- Born: 1953 (age 72–73)
- Education: University of Illinois, Urbana-Champaign (BS, MS, PhD)
- Known for: The 10,000 Year Explosion
- Scientific career
- Fields: Physics, anthropology
- Institutions: University of Utah

= Gregory Cochran =

American scientist and author

Gregory M. Cochran (born 1953) is an American physicist, anthropologist and author who argues that cultural innovation resulted in new and constantly shifting selection pressures for genetic change, thereby accelerating human evolution and divergence between human races. From 2004 to 2015, he was a research associate at the anthropology department at the University of Utah. He is co-author of the book The 10,000 Year Explosion.

== Education and career ==
Cochran has a PhD in physics. According to The Atlantic, he made a living working on "advanced optical systems" for devices and weapons.

Between 2004 and 2015, he was a research associate at the anthropology department at the University of Utah.

== Human evolution ==
In opposition to what he sees as the conventional wisdom that civilization has been a static environment which imposed stabilizing selection on humans, Cochran, along with like-minded anthropologists such as John D. Hawks, contends that haplotype and other data indicate the selection of genes has been strongest since the advent of farming and civilization.

=== Ashkenazi Jewish intelligence ===

Cochran and co-authors Jason Hardy and Henry Harpending suggest that the high average IQ of Ashkenazi Jews may be attributed to natural selection for intelligence during the Middle Ages and a low rate of genetic inflow. Cochran and his colleagues hypothesize that the occupational profile of the Jewish community in medieval Europe had resulted in selection pressure for mutations that increase intelligence, but can also result in hereditary neurological disorders. Cochran was featured in an episode of the Norwegian television show Hjernevask ("Brainwash") in which he discusses race and intelligence, using Ashkenazi intelligence as compared to the rest of the Israeli Jewish population as an example of differences between groups.

=== Pathogenic infections as a cause of disease ===
In 2000, Cochran and evolutionary biologist Paul W. Ewald co-authored a paper in which they proposed that most human diseases were the result of pathogenic infections (viruses, bacteria, parasites). They argue that most fitness-reducing diseases would be eliminated through natural selection, but since germs can evolve faster than humans, they are a likely culprit. Cochran and Ewald point to stomach ulcers, which were once thought to be caused by a variety of environmental factors such as smoking, diet and drugs, but were later attributed to bacteria.

==== Pathogenic hypothesis of homosexuality ====

Cochran has argued that male homosexuality is caused by an unknown pathogen because it reduces or eliminates reproductive output. He argues it is unlikely to be explained by many popular theories, because natural selection should quickly eliminate an evolutionarily disadvantageous trait. He does not suggest that the infectious agent that causes homosexuality is necessarily spread by homosexuals. One suggestion is that a widespread virus which infects everybody on the planet, only causes homosexuality in a few percent of people.

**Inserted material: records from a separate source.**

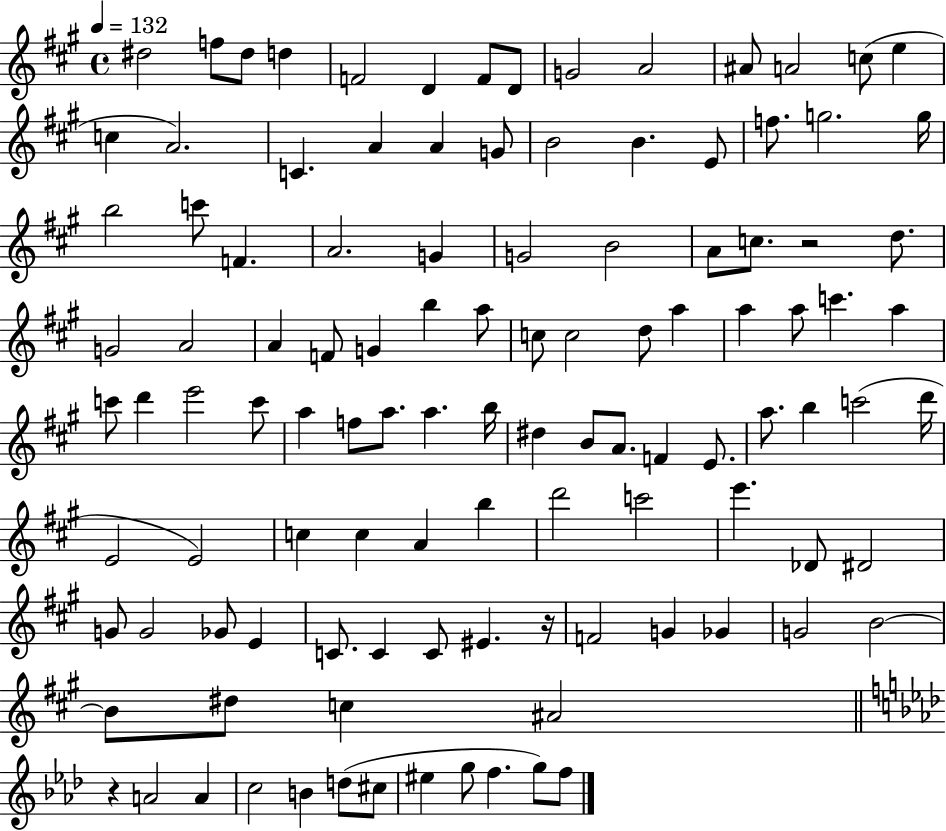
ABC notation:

X:1
T:Untitled
M:4/4
L:1/4
K:A
^d2 f/2 ^d/2 d F2 D F/2 D/2 G2 A2 ^A/2 A2 c/2 e c A2 C A A G/2 B2 B E/2 f/2 g2 g/4 b2 c'/2 F A2 G G2 B2 A/2 c/2 z2 d/2 G2 A2 A F/2 G b a/2 c/2 c2 d/2 a a a/2 c' a c'/2 d' e'2 c'/2 a f/2 a/2 a b/4 ^d B/2 A/2 F E/2 a/2 b c'2 d'/4 E2 E2 c c A b d'2 c'2 e' _D/2 ^D2 G/2 G2 _G/2 E C/2 C C/2 ^E z/4 F2 G _G G2 B2 B/2 ^d/2 c ^A2 z A2 A c2 B d/2 ^c/2 ^e g/2 f g/2 f/2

In 1999, journalist Caleb Crain published an article in the gay magazine Out in which he spoke with Cochran and several sexual orientation researchers about the hypothesis. Geneticist Dean Hamer, who had researched the genetics of homosexuality, called it "a very interesting idea" which would need to be tested by experimentation, but he was skeptical as homosexuality doesn't appear in clusters. J. Michael Bailey wanted to see evidence, but gave Cochran the "benefit of the doubt". Elaine F. Walker, who researched a pathogenic cause of schizophrenia during pregnancy, did not find it plausible.

It remains unclear what causes male homosexuality, although there is better evidence to support non-social mechanisms. The dominant hypothesis in the scientific literature is that male homosexuality may be a result of organisational effects of sex hormones on the brain during fetal development. Male homosexuality is often preceded by gender nonconforming behavior in early childhood, which according to Bailey, is "often evident by age 2".